Virtually all of Black elected and institutional
leadership as well as every Democratic presidential contender
except the shifty Senator Joe Lieberman support the Michigan
program. Yet Sunday belonged to the two, politely dueling appointees.
As an operative fact, the corporate press conspires with the
White House to present appointed Blacks as an alternative - more
newsworthy - leadership of Black America. It matters little that
Powell's views on affirmative action happen to be closer to those
of Black elected leaders and activists with proven constituencies.

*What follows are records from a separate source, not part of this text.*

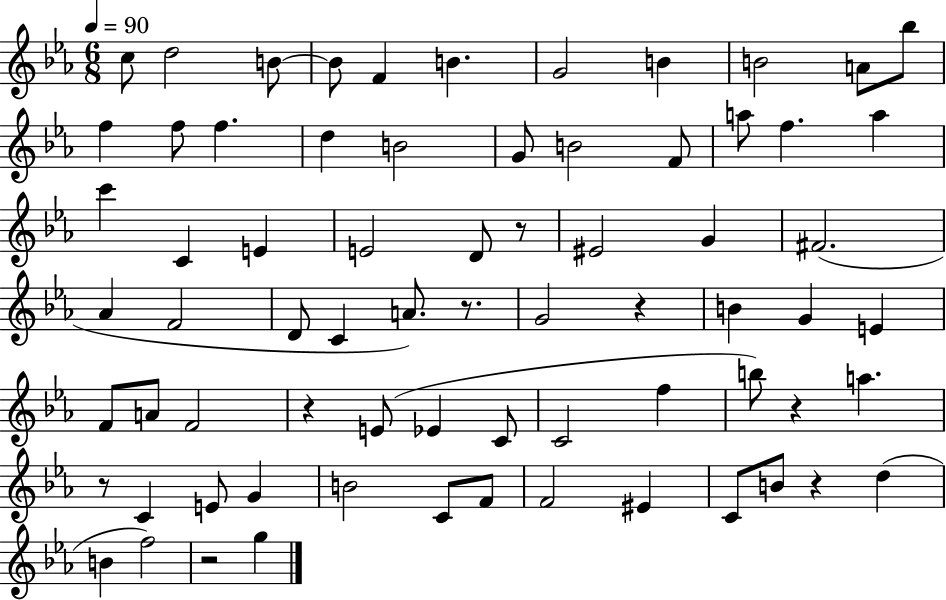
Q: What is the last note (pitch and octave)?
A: G5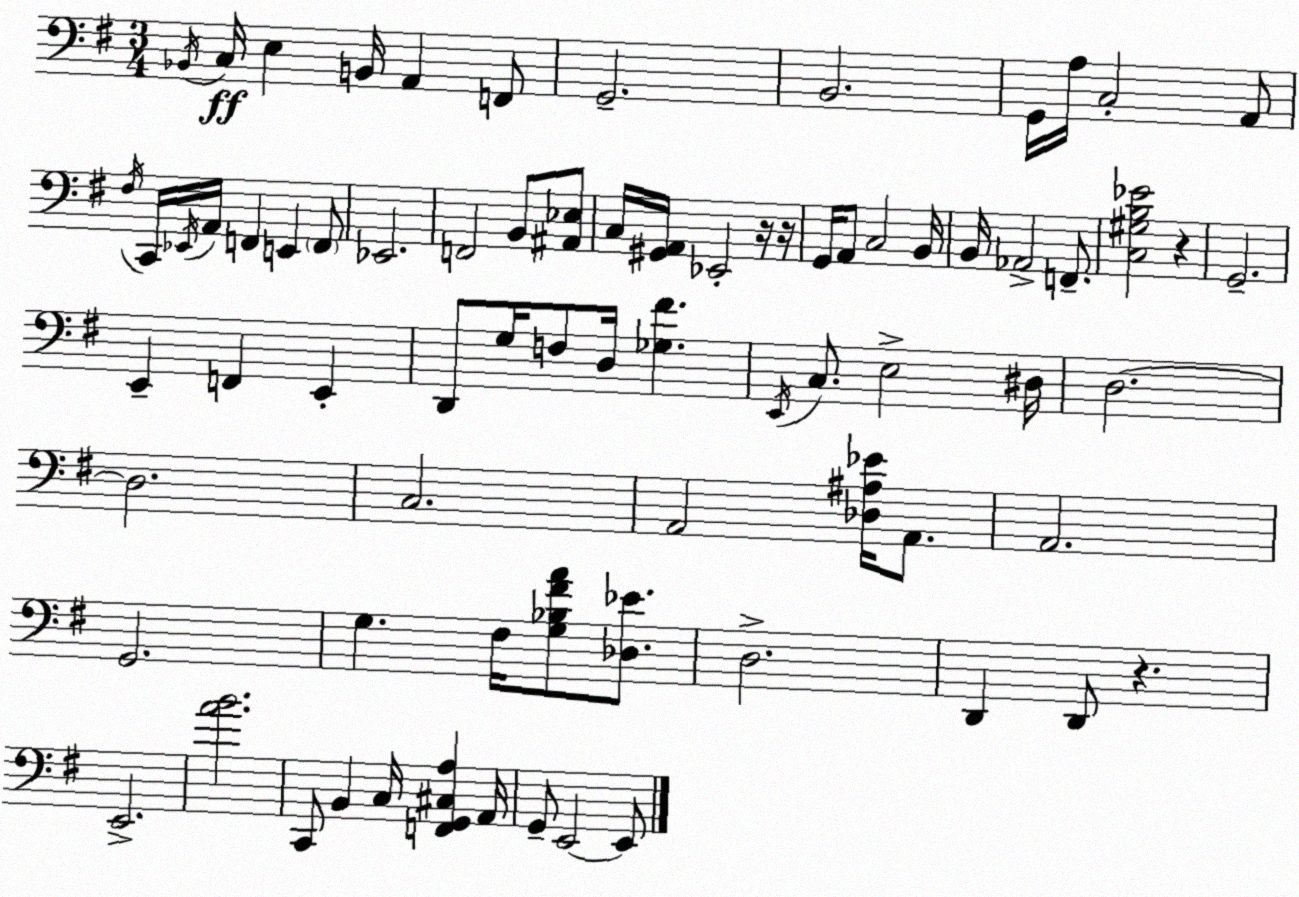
X:1
T:Untitled
M:3/4
L:1/4
K:G
_B,,/4 C,/4 E, B,,/4 A,, F,,/2 G,,2 B,,2 G,,/4 A,/4 C,2 A,,/2 ^F,/4 C,,/4 _E,,/4 A,,/4 F,, E,, F,,/2 _E,,2 F,,2 B,,/2 [^A,,_E,]/2 C,/4 [^G,,A,,]/4 _E,,2 z/4 z/4 G,,/4 A,,/2 C,2 B,,/4 B,,/4 _A,,2 F,,/2 [C,^G,B,_E]2 z G,,2 E,, F,, E,, D,,/2 G,/4 F,/2 D,/4 [_G,^F] E,,/4 C,/2 E,2 ^D,/4 D,2 D,2 C,2 A,,2 [_D,^A,_E]/4 A,,/2 A,,2 G,,2 G, ^F,/4 [G,_B,^FA]/2 [_D,_E]/2 D,2 D,, D,,/2 z E,,2 [AB]2 C,,/2 B,, C,/4 [F,,G,,^C,A,] A,,/4 G,,/2 E,,2 E,,/2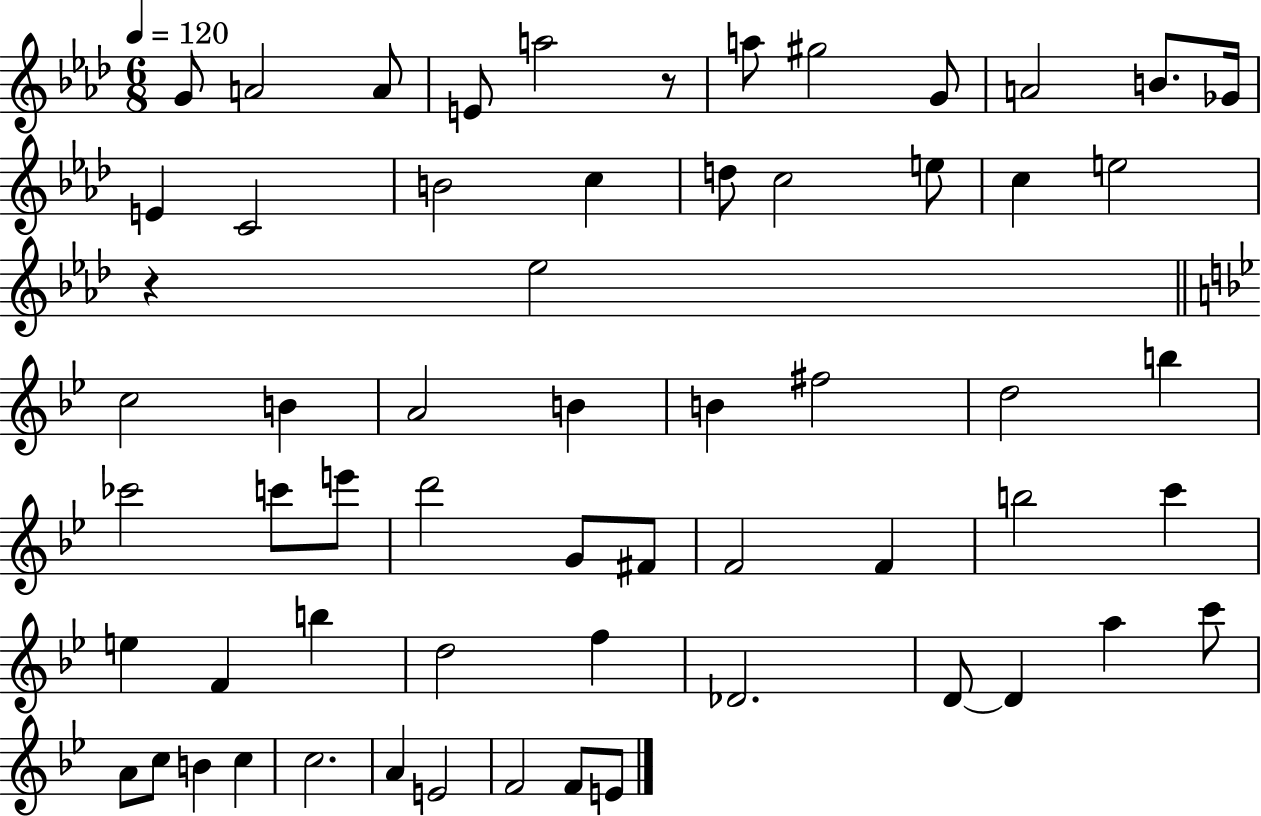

Powell was not chosen by Blacks, but by Bush. His opinion counts
for no more than that of Condoleezza Rice.
No place sacred
The old, reflexive Black applause for
members of the race who are chosen for high office, now works
against us with a vengeance. The GOP understands the game and,
with the enthusiastic connivance of corporate media, plays it
with increasing skill. Authentic Black opinion, sensibilities
and leadership are relentlessly devalued, even at the First Baptist
Church of Glenarden, Maryland on the day set aside for remembrance
of Dr. Martin Luther King.
The Associated Press recorded the surprise
presidential visit:
Though warmly greeted, Bush's applause
paled in comparison to the cheers that followed Rice's introduction.
She smiled and blew kisses to the crowd from her seat behind
Bush.
Authentic Black leadership has done little
to impress upon the people that Rice is the devil's handmaiden,
an eager accomplice in Bush's crimes. It is one thing to bear
insults with dignity. It is quite another to cheer about it.